Kaman was one of the few bright spots of that era, serving as the team’s starting center between 2003 when he was selected sixth overall by the Clippers, all they way to 2011, prior to be traded to the New Orleans Hornets. It is worth noting that the 7-foot big man was one of the main pieces of that deal which brought the great Chris Paul to the Clippers, so that in itself is already one of Kaman’s greatest contributions to the franchise.
Aside from being an extremely valuable trading piece, Kaman was actually a pretty good basketball player, even making it to the All-Star squad during the 2009-10 campaign. That year, he averaged 18.5 points (on 49.0 percent shooting), 9.3 rebounds, 1.6 assists, 0.5 steals, and 1.2 blocks per contest.
Kaman was huge part of the 2005-06 Clippers that made it all the way to the second round of the playoffs — the team’s one and only postseason appearance in the span of 14 long years.
2. DeAndre Jordan
DeAndre Jordan, now plying his trade with the Brooklyn Nets, is most well known for being part of the memorable trio that represented the core of the Clippers’ “Lob City” era. Along with future Hall of Fame point guard Chris Paul and fellow high-flyer Blake Griffin, this team wowed the fans with their electrifying display of freakish athleticism and unmatched aerial prowess on a nightly basis. Oh, and they won more than a few games as well, making it to no less than six consecutive playoff appearances, and in the process, officially turning the page on the dark days of the early 2000’s.
In his prime, Jordan was literally the best rebounder in the entire NBA, leading the league in total rebounds for two consecutive seasons. He was named an All-Star once during the 2016-17 season, and also boasts of three All-NBA team as well as two All-Defensive team selections.
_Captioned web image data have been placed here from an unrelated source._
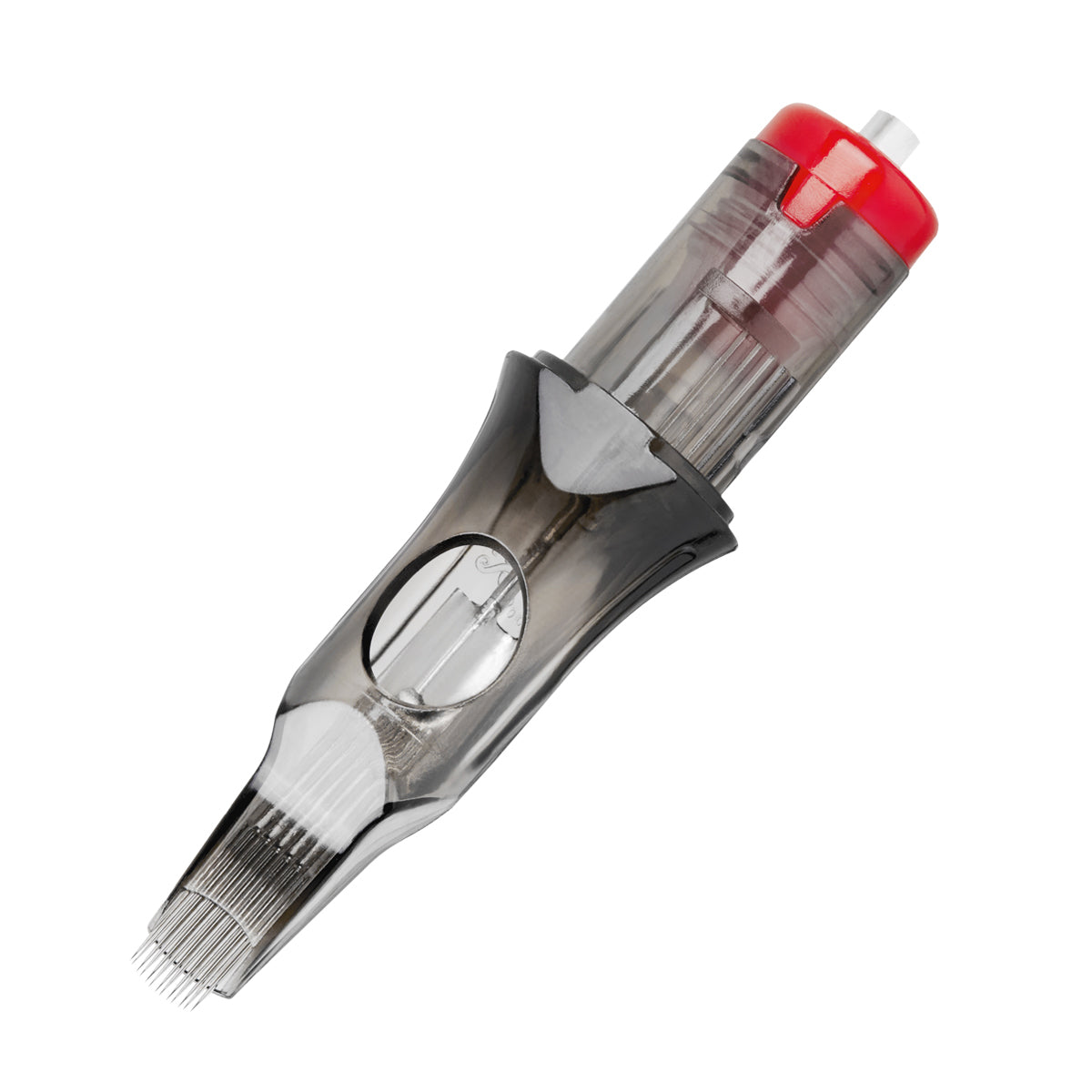 Tattoo Cartridge EL CARTEL V2 0.30 13RM ShortTaper 10pcs.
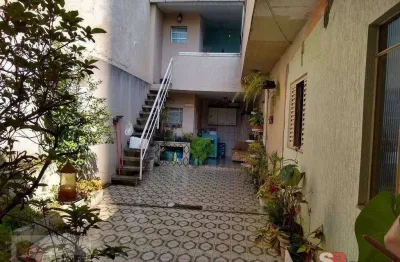 Casa com 3 dormitórios à venda, 184 m² por r$ 655.000,00 - vila carrão - são paulo/sp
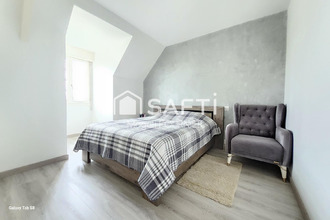 achat maison cuille 53540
We can’t have Jordan here and not talk about that infamous free agency summer that caused quite a ruckus in the entire league. The former second Texas A&M standout entered free agency during the 2015 offseason, and multiple reports confirmed that he had already agreed a deal in principle to sign with the Dallas Mavericks. As it turns out, his teammates were not having this, and they literally locked down Jordan in his own home until he decided to make a last-minute u-turn to re-sign with the Clippers. You can only imagine what Mavs owner Mark Cuban thought/said/did once he learned about what was deemed as the betrayal of the summer.
1. Bob McAdoo
6-foot-9 big man Bob McAdoo holds the esteemed honor of being the only MVP in Clippers history. He was selected by the team — then the Buffalo Braves — second overall in 1972, and made such an impact in his debut campaign that he was awarded the Rookie of the Year trophy. By the time he hit his second season, McAdoo was a bona fide star.
The UNC product went on to average above 30 points per game in three consecutive campaigns, en route to back-to-back-to-back scoring titles. In four and a half seasons with the Braves, McAdoo averaged 28.2 points (on 50.0 percent shooting), 12.7 rebounds, 2.6 assists, 1.1 steals, and 2.4 blocks per game. He made three straight All-Star appearances while with the team, and was deemed the league MVP during the 1974-75 season.
The Clippers parted ways with McAdoo in 1976, trading him to the New York Knicks in what was one of the biggest trade deals of that era. Towards the tail end of his career, McAdoo would end up with the Los Angeles Lakers, and was part of the Showtime Lakers that won the title in 1982 and 1985.